Of these 10 questions, we recommend asking just two (2) open ends. Asking too many open ended questions imposes a higher cognitive load on participants. We’ve seen respondents lose interest and quit surveys when asked too many open ended questions. Yes, open ends deliver rich information and are a value-add to directional research which is why 20% of Feedback Loop survey’s are open ended feedback. It’s all about balance!

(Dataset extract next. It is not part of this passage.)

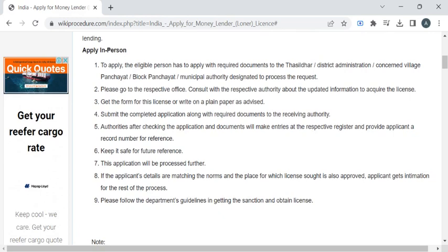You can approach the officer for the application form, or else you can write the application on a plain A4 sheet. After completing the form, you have to attach all the required documents.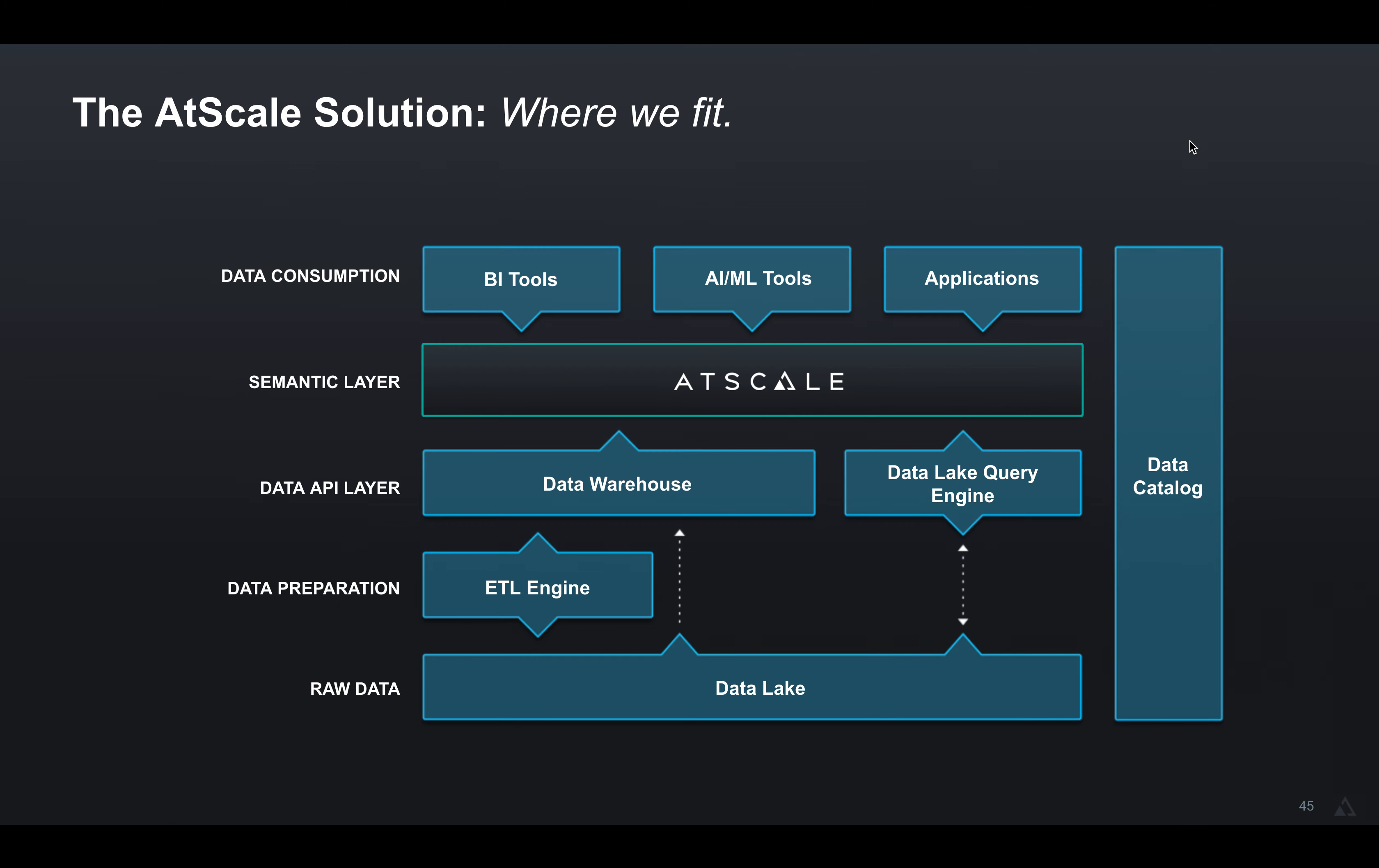Hi, today we're going to learn how AtScale can replace your SQL Server Analysis Services SSAS solution.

The introduction is the first thing respondents see when they come into your survey. This is your chance to captivate them and set expectations on what to expect during the survey experience. The most common feedback we hear from respondents is that introductions are misleading and misrepresented - specifically around what activities or tasks to expect in the survey and how long the survey will take to complete.
Additionally, instructions throughout the survey can help to re-engage and reclaim respondents’ attention. At Feedback Loop, we use instructions and formatting (bold/italics) to indicate differences between questions or prototypes that may look the same. For example, say you are testing three concepts that are similar. We find that indicating to respondents “this is Concept 1 of 3” helps them to reset and adequately evaluate the differences between concepts.
Use your manners. Survey participants are people, too. They don’t have to take your survey, or any surveys for that matter. What makes you comfortable speaking to a stranger or offering your opinions? “Please” and “Thank you” go a long way in the real world, and the same is true for surveys.
At Feedback Loop, we believe that we have a responsibility to treat respondents better and create more compelling survey experiences. There are heaps of research on research experiments and articles that regard respondent experience as paramount to the longevity of the research industry - after all, if we don’t have respondents to take our surveys, we won’t have data from which to derive insights.
When all else fails, ask respondents for feedback on your surveys. Just as researchers, innovators, and product managers want feedback on the products, services, and experiences we create, we must regard surveys as an extension of ourselves, our brand, and our work. At Feedback Loop, we assume positive intentions and pursue growth and learning - it’s not that respondents don’t care about providing feedback or deliberately want to give us poor quality data. We regularly ask survey participants about their preferences and build our experiences around that feedback to ensure we are promoting a legacy of a great participant experience.
We are hopeful that you’ve learned something from our standards around question design and survey design. At Feedback Loop, we believe that these are small steps that we can take as researchers to enable a thriving research industry for years to come. After all, survey participants are priceless.